This exercise calls for retyping every line below exactly, with the images omitted.
*** Opening Available data ***
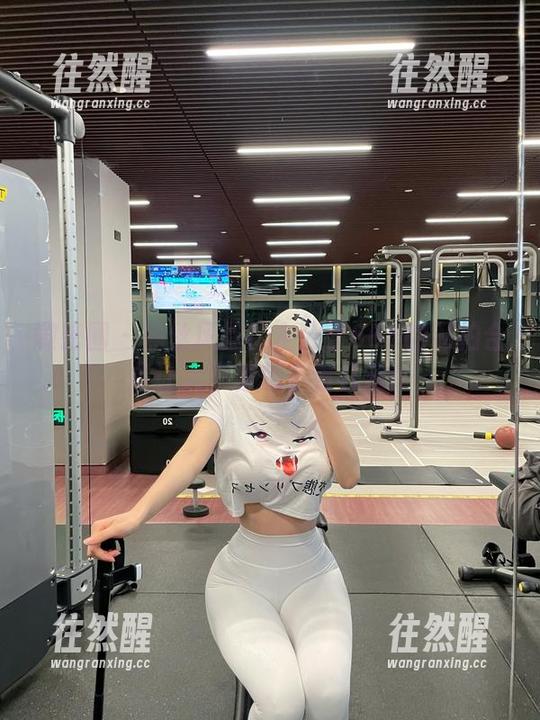 微密圈 - 黑丝风暴！左公子666的私拍合集让人不禁想多看几遍！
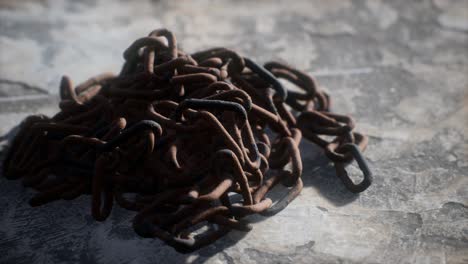 cadena de hierro oxidada hecha a mano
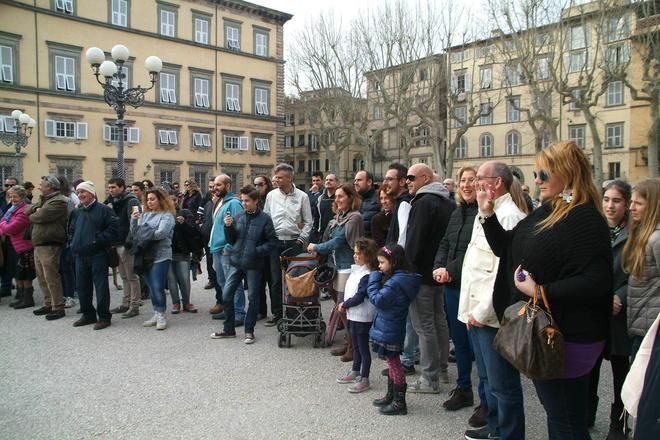 Brindisi in piazza per Mario Son Sodo, centinaia di partecipanti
*** Closing Available data ***
Task response:
 微密圈 - 黑丝风暴！左公子666的私拍合集让人不禁想多看几遍！
 cadena de hierro oxidada hecha a mano
 Brindisi in piazza per Mario Son Sodo, centinaia di partecipanti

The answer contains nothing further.